Data for the task —
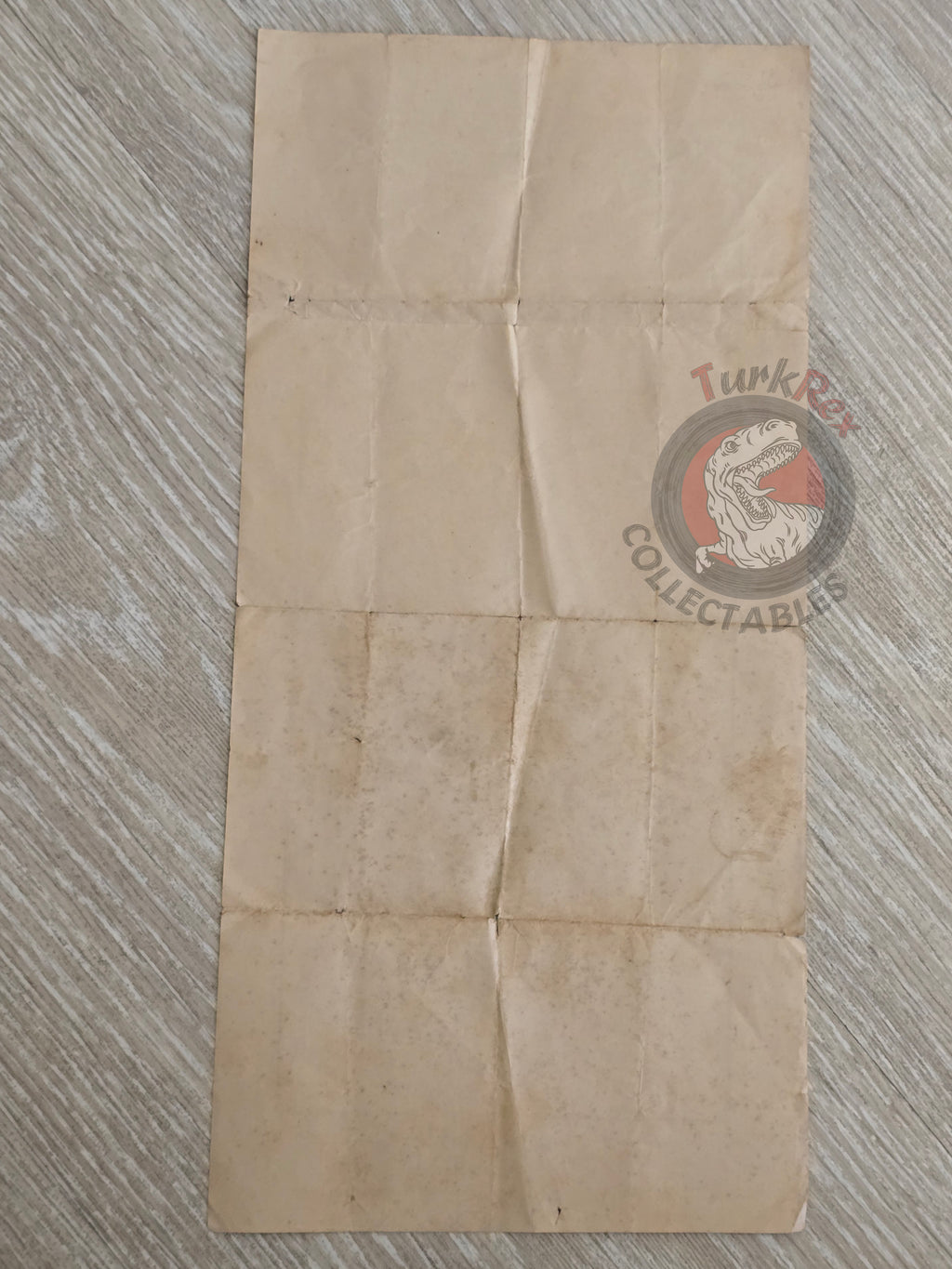 Ottoman Tradesman Tax Receipt 1886 Armenian Citizen Attar Armenia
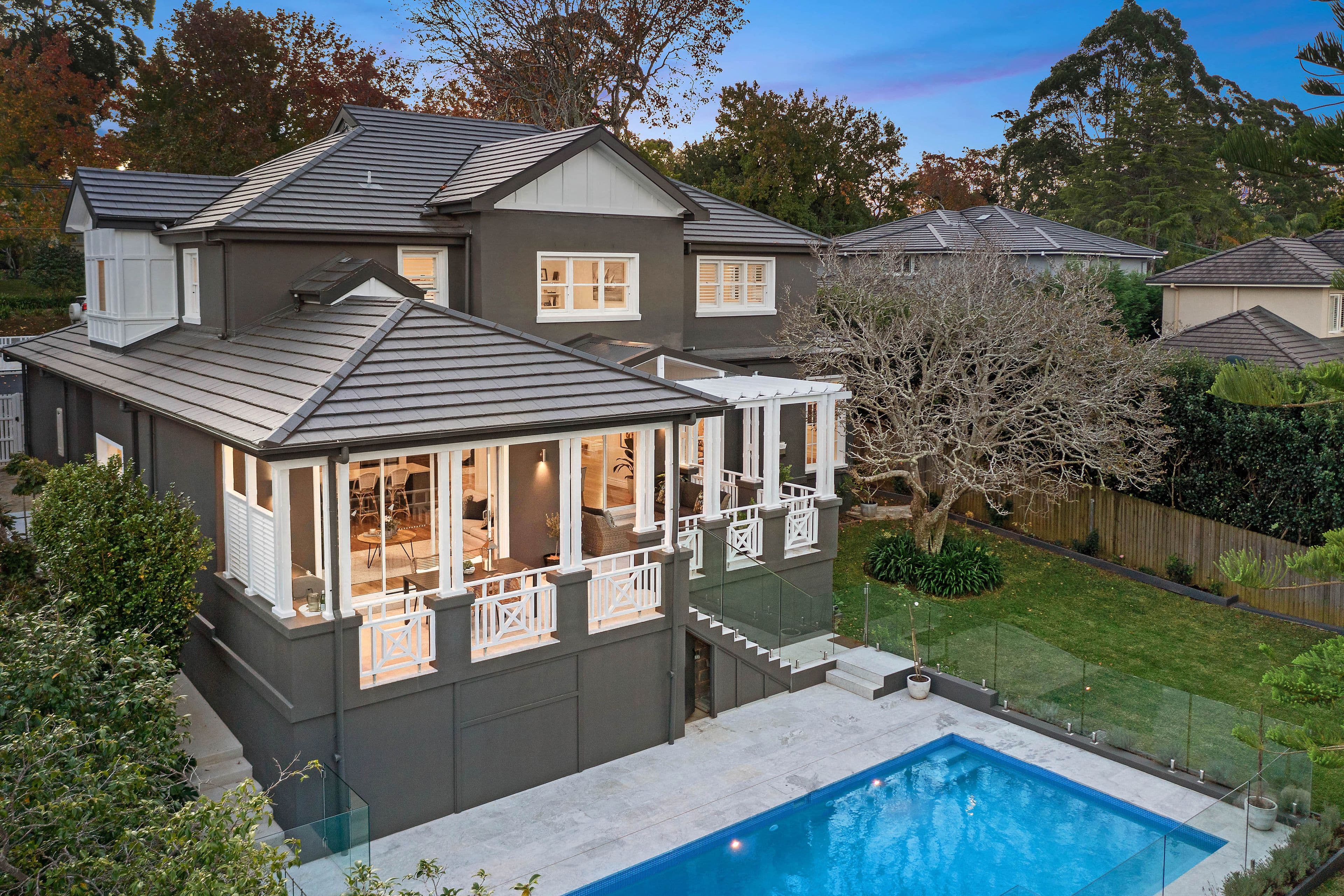 115 Bobbin Head Road, Turramurra NSW 2074, Turramurra - Thumbnail 7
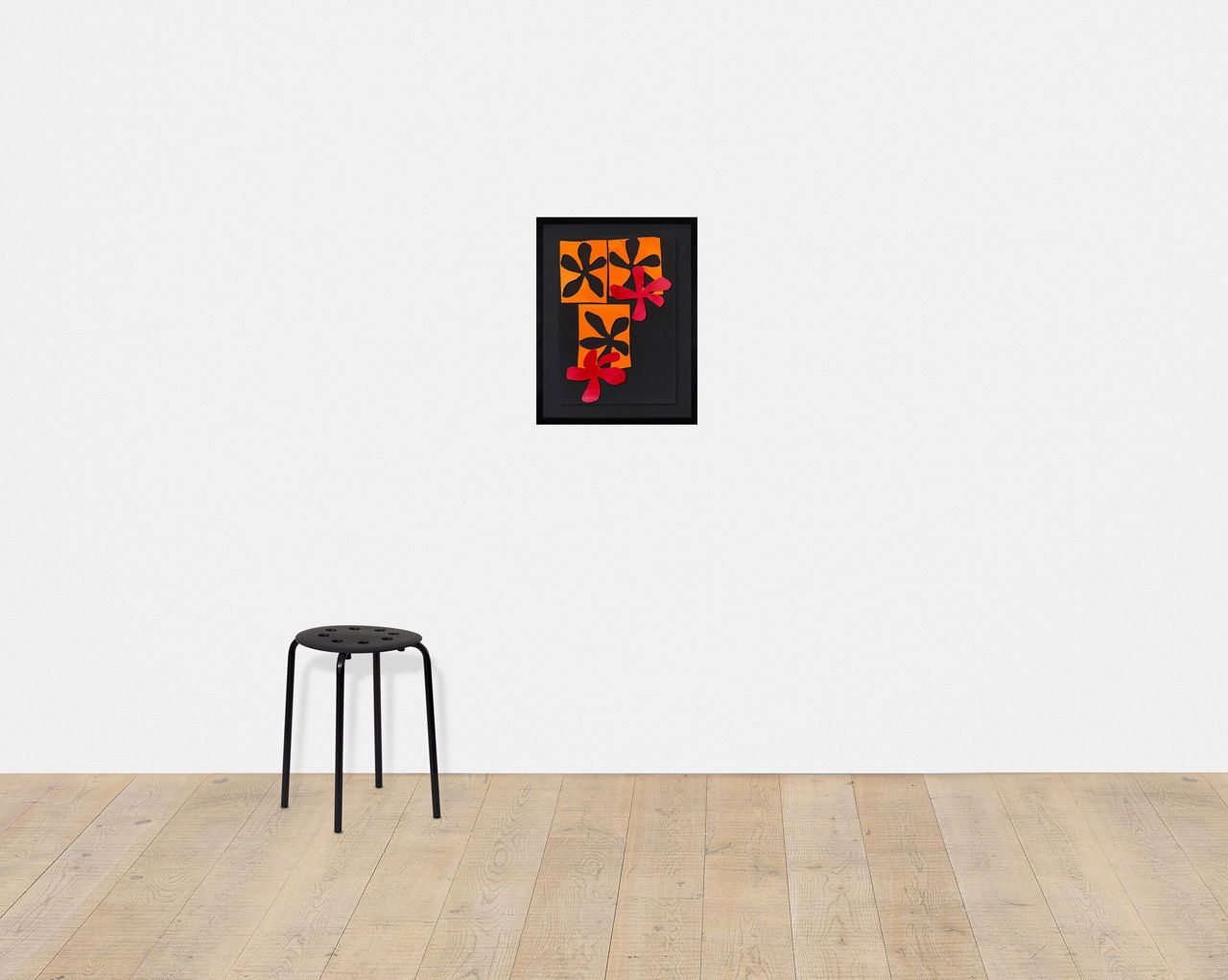 Studies for Bahrain  scale image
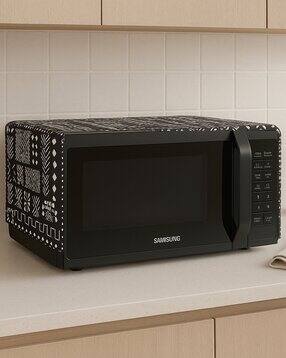 throw pillow Printed Microwave Oven Cover-picture-30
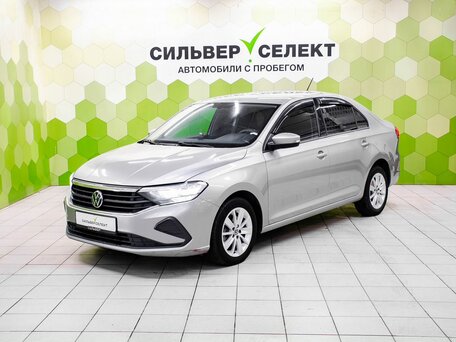 Volkswagen Polo VI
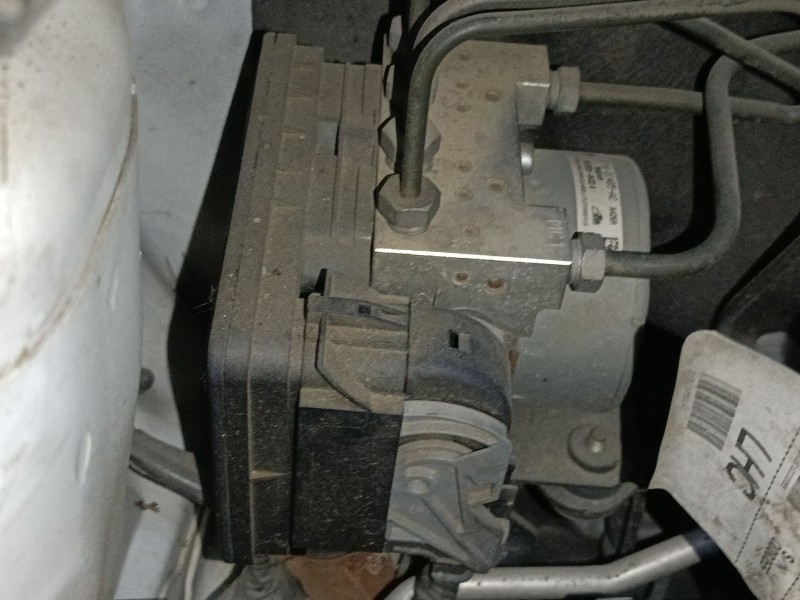 Recambio de abs para ford tourneo courier b460 monospace 1.5 tdci referencia OEM IAM   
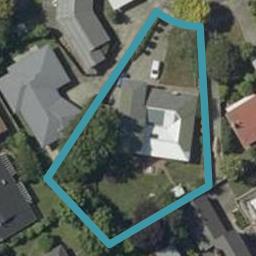 1 Parata Street, Hokowhitu, Palmerston North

Required action — Skip every image and output the remaining records exactly.

Output below —
 Ottoman Tradesman Tax Receipt 1886 Armenian Citizen Attar Armenia
 115 Bobbin Head Road, Turramurra NSW 2074, Turramurra - Thumbnail 7
 Studies for Bahrain  scale image
 throw pillow Printed Microwave Oven Cover-picture-30
 Volkswagen Polo VI
 Recambio de abs para ford tourneo courier b460 monospace 1.5 tdci referencia OEM IAM   
 1 Parata Street, Hokowhitu, Palmerston North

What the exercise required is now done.